1

I am simply trying to read a big excel file(.xlsx) file, using the POI API and getting this exception.

This is the code I am using:

public static void main(String args[]) throws FileNotFoundException {
        File f = new File("E:\\Downloads\\6038_Open_AR.XLSX");
        if (f.exists()){
            System.out.println("Attempting");
            try {
                Workbook workBoo = WorkbookFactory.create(f);
                System.out.println("done");
            } catch (Exception e) {
                e.printStackTrace();
            }
        }
    }

And this is the exception I get.

Exception in thread "main" java.lang.OutOfMemoryError: GC overhead limit exceeded
    at java.util.Arrays.copyOfRange(Arrays.java:3664)
    at java.lang.String.<init>(String.java:207)
    at org.apache.xerces.xni.XMLString.toString(Unknown Source)
    at org.apache.xerces.parsers.AbstractDOMParser.characters(Unknown Source)
    at org.apache.xerces.impl.XMLDocumentFragmentScannerImpl.scanContent(Unknown Source)
    at org.apache.xerces.impl.XMLDocumentFragmentScannerImpl$FragmentContentDispatcher.dispatch(Unknown Source)
    at org.apache.xerces.impl.XMLDocumentFragmentScannerImpl.scanDocument(Unknown Source)
    at org.apache.xerces.parsers.XML11Configuration.parse(Unknown Source)
    at org.apache.xerces.parsers.XML11Configuration.parse(Unknown Source)
    at org.apache.xerces.parsers.XMLParser.parse(Unknown Source)
    at org.apache.xerces.parsers.DOMParser.parse(Unknown Source)
    at org.apache.xerces.jaxp.DocumentBuilderImpl.parse(Unknown Source)
    at javax.xml.parsers.DocumentBuilder.parse(DocumentBuilder.java:121)
    at org.apache.poi.util.DocumentHelper.readDocument(DocumentHelper.java:137)
    at org.apache.poi.POIXMLTypeLoader.parse(POIXMLTypeLoader.java:115)
    at org.openxmlformats.schemas.spreadsheetml.x2006.main.WorksheetDocument$Factory.parse(Unknown Source)
    at org.apache.poi.xssf.usermodel.XSSFSheet.read(XSSFSheet.java:184)
    at org.apache.poi.xssf.usermodel.XSSFSheet.onDocumentRead(XSSFSheet.java:176)
    at org.apache.poi.xssf.usermodel.XSSFWorkbook.parseSheet(XSSFWorkbook.java:428)
    at org.apache.poi.xssf.usermodel.XSSFWorkbook.onDocumentRead(XSSFWorkbook.java:393)
    at org.apache.poi.POIXMLDocument.load(POIXMLDocument.java:190)
    at org.apache.poi.xssf.usermodel.XSSFWorkbook.<init>(XSSFWorkbook.java:260)
    at org.apache.poi.ss.usermodel.WorkbookFactory.create(WorkbookFactory.java:263)
    at org.apache.poi.ss.usermodel.WorkbookFactory.create(WorkbookFactory.java:222)
    at org.apache.poi.ss.usermodel.WorkbookFactory.create(WorkbookFactory.java:201)
    at Main.main(Main.java:180)

I know this is a very popular topic, I could not find any direct solution that works.

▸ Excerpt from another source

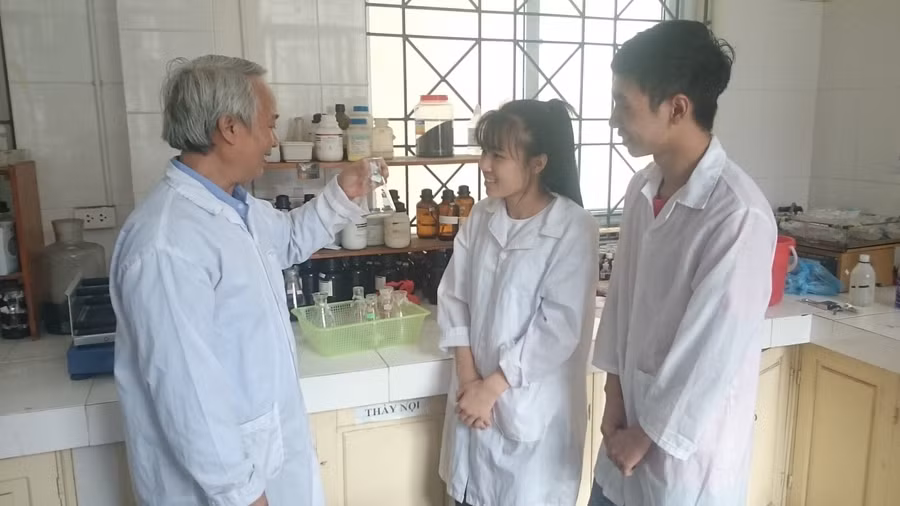 Hướng dẫn nghiên cứu khoa học cho sinh viên Trường Đại học KHTN, ĐHQG Hà Nội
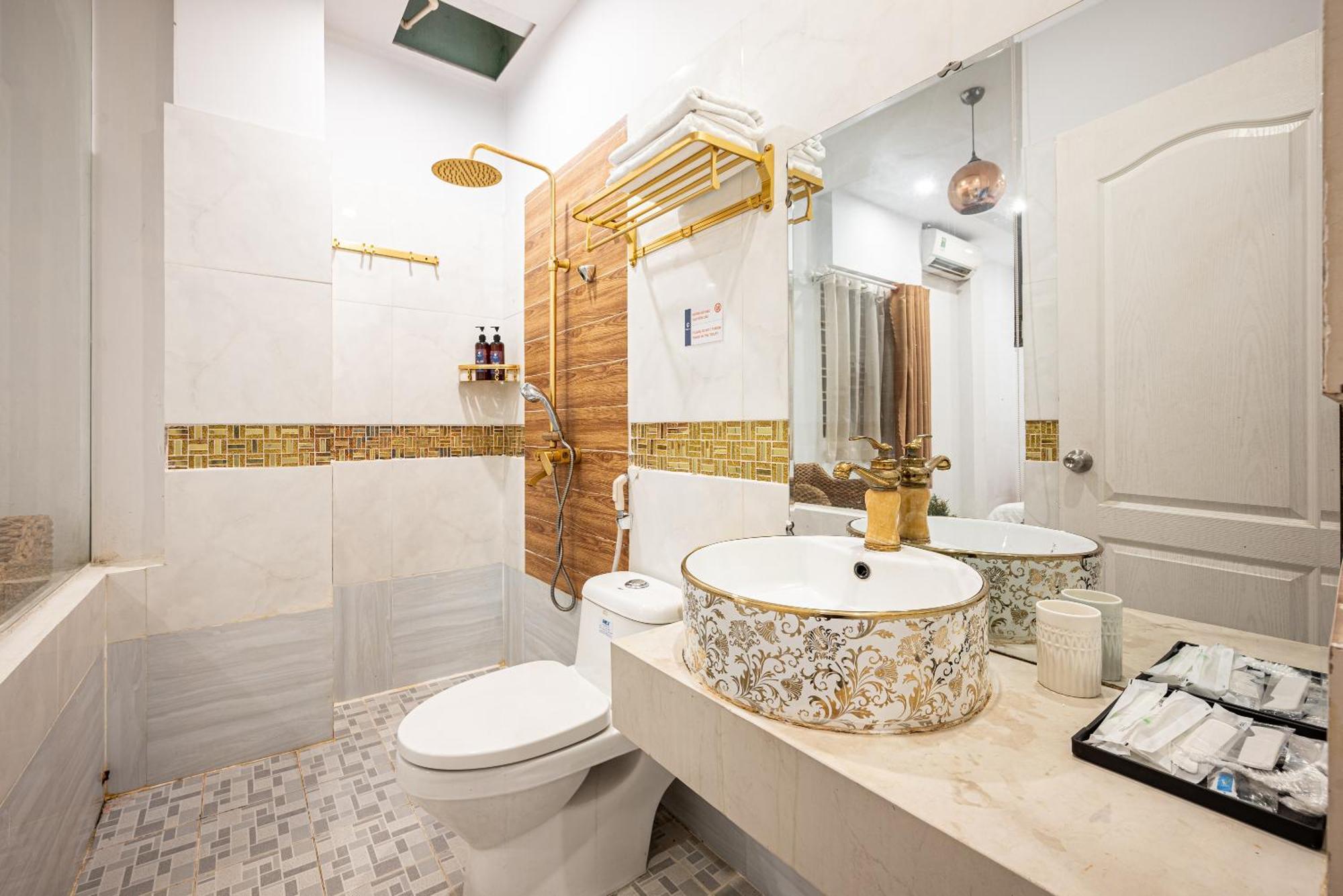 Joy Cong Hoa Khách sạn 3*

Some of the things that I tried:

File f = new File("E:\\Downloads\\6038_Open_AR.XLSX");
File fileInputStream = new FileInputStream(f);
Workbook workBoo = new HSSFWorkbook(fileInputStream);

This gives the following exception

org.apache.poi.poifs.filesystem.OfficeXmlFileException: The supplied data appears to be in the Office 2007+ XML. You are calling the part of POI that deals with OLE2 Office Documents. You need to call a different part of POI to process this data (eg XSSF instead of HSSF)
DockYard
  • 989
  • 2
  • 12
  • 29
  • here is some info about your problem: https://plumbr.io/outofmemoryerror/gc-overhead-limit-exceeded try increasing your heap size , for eclipse here it is shown how to do so: http://www.planetofbits.com/eclipse/increase-jvm-heap-size-in-eclipse/ – JavaMan Aug 14 '19 at 13:26
  • 1
    There are two completely different issues here, one with the memory and the other with the file format. Should be separated to two different posts. – elirandav Aug 14 '19 at 13:27
  • please [refer](https://stackoverflow.com/questions/31844308/java-poi-the-supplied-data-appears-to-be-in-the-office-2007-xml) – thar45 Aug 14 '19 at 13:28
  • @KernelMode i guess once the one issue get resolves the other scope might get reduced – thar45 Aug 14 '19 at 13:29

1 Answers1

2

Without going into specific proprietary information that we used to solve this at my workplace, We used the Apache POI XSSF library to read in one sheet of the .XLSX file at a time. Our source file was 25MB and had 4 separate worksheets.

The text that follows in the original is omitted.